La produzione italiana di gas è calata del 3,4% negli ultimi 6 mesi, dopo la Sardegna anche Umbria e Calabria pronte a moratorie su rinnovabili, il rapporto Draghi. La rassegna Energia

Negli ultimi 6 mesi la produzione italiana è calata del 3,4%. Un trend legato all’assenza di investimenti in nuove ricerche e produzione, incertezze normative e iniziative che hanno scoraggiato gli operatori, che farà sì che quest’anno la produzione nazionale sarà ai minimi storici, secondo il presidente di Nomisma Energia, Davide Tabarelli. Dopo la Sardegna anche Umbria e Calabria si preparano a presentare una moratoria sulle rinnovabili. Sfruttare le economie di scala, individuare i beni comuni e le fonti di finanziamento, garantire l’approvvigionamento di materie prime critiche. Sono i tre pilastri del rapporto di Draghi che ispirerà le politiche di Ursula von der Leyen. La rassegna energia.

GAS, IN SEI MESI PRODUZIONE ITALIA -3,4%

“Per avere un’idea dell’entità del crollo della produzione nazionale di gas, basterebbe partire da un dato: i 232 milioni di metri cubi prodotti nel mese di giugno secondo la consueta fotografia scattata dal ministero dell’Ambiente e della Sicurezza Energetica e, in particolare, dalla Direzione generale fonti energetiche e titoli abilitativi. Un quantitativo appena sufficiente a coprire un giorno e mezzo di consumi a livello nazionale, pari a 31,07 miliardi di metri cubi (-4,6%) nei primi sei mesi dell’anno. Mentre la produzione nazionale ha proseguito la sua lenta e inesorabile discesa, toccando a fine giugno gli 1,45 miliardi di metri cubi, il 3,4% in meno rispetto allo stesso periodo del 2023”, si legge su Il Sole 24 Ore.

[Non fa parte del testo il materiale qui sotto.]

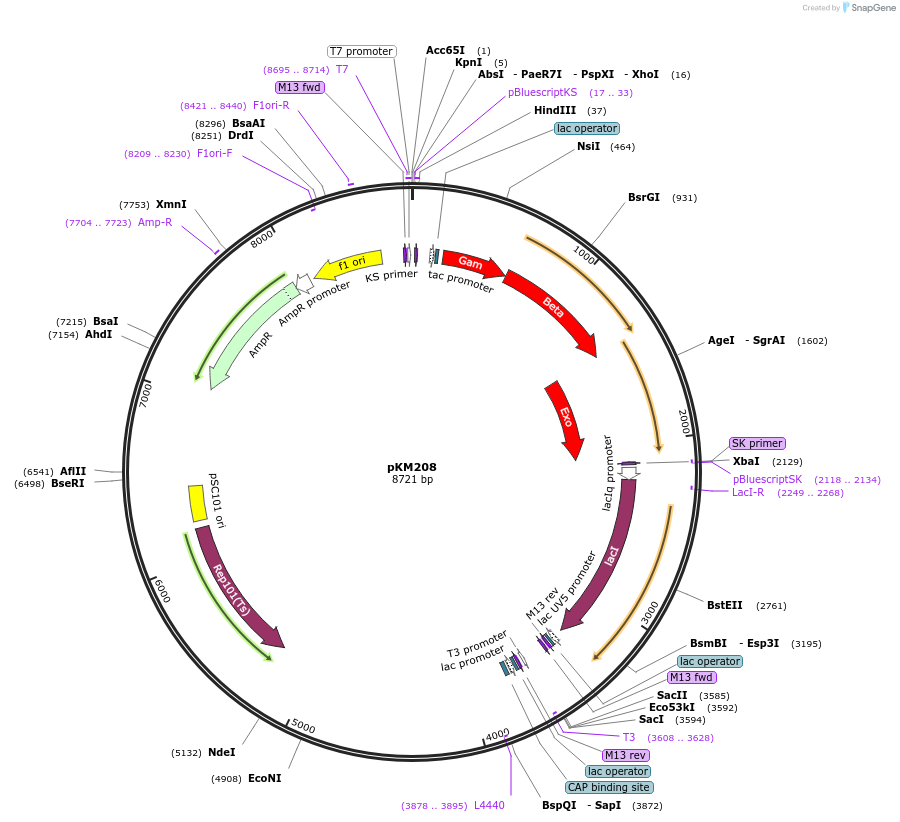 13077-plasmid-map-sequence-id-218309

“Un arretramento che è dovuto anche all’assenza di investimenti in nuove ricerche e produzione, alimentata dalle incertezze normative e da iniziative politiche, a partire dal Pitesai, il piano regolatore voluto dal governo Conte chiamato a definire le aree adatte alle trivellazioni, che hanno azzerato la ricerca di nuovi giacimenti spingendo gli operatori a fuggire dall’Italia o a ricorrere ai tribunali amministrativi dove quel piano è stato annullato. (…) La più rilevante è il recente avvio di Argo Cassiopea, il più importante progetto di sviluppo a gas sul territorio italiano (…). Il giacimento, operato da Eni in joint venture con il partner Energean, è entrato in produzione a soli tre anni dall’avvio dei lavori: le sue riserve sono stimate in circa 10 miliardi di metri cubi di gas e la produzione annuale di picco sarà di 1,5 miliardi di metri cubi di gas”, continua il giornale.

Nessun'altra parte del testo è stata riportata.